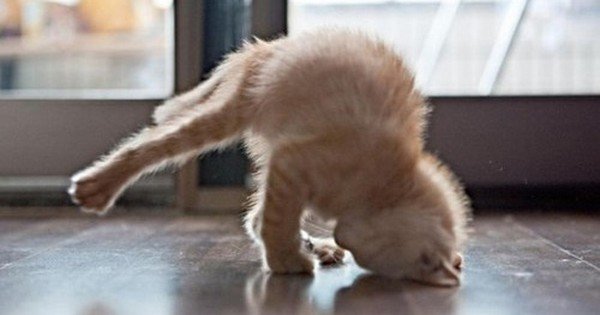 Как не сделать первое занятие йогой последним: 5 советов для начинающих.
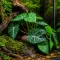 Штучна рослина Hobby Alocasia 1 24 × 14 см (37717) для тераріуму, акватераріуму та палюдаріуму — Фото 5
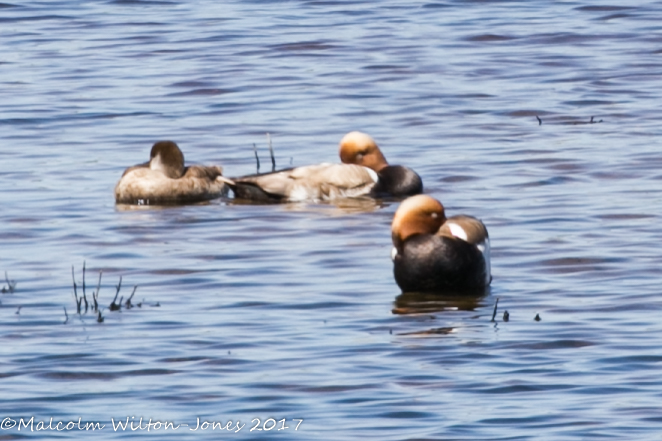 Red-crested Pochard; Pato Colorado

__ASSIGNMENT__
Output the span from the line with "Штучна рослина Hobby" through the last line of the data, inclusive and exact, and omit every picture.

__REPLY TO THE TASK__
 Штучна рослина Hobby Alocasia 1 24 × 14 см (37717) для тераріуму, акватераріуму та палюдаріуму — Фото 5
 Red-crested Pochard; Pato Colorado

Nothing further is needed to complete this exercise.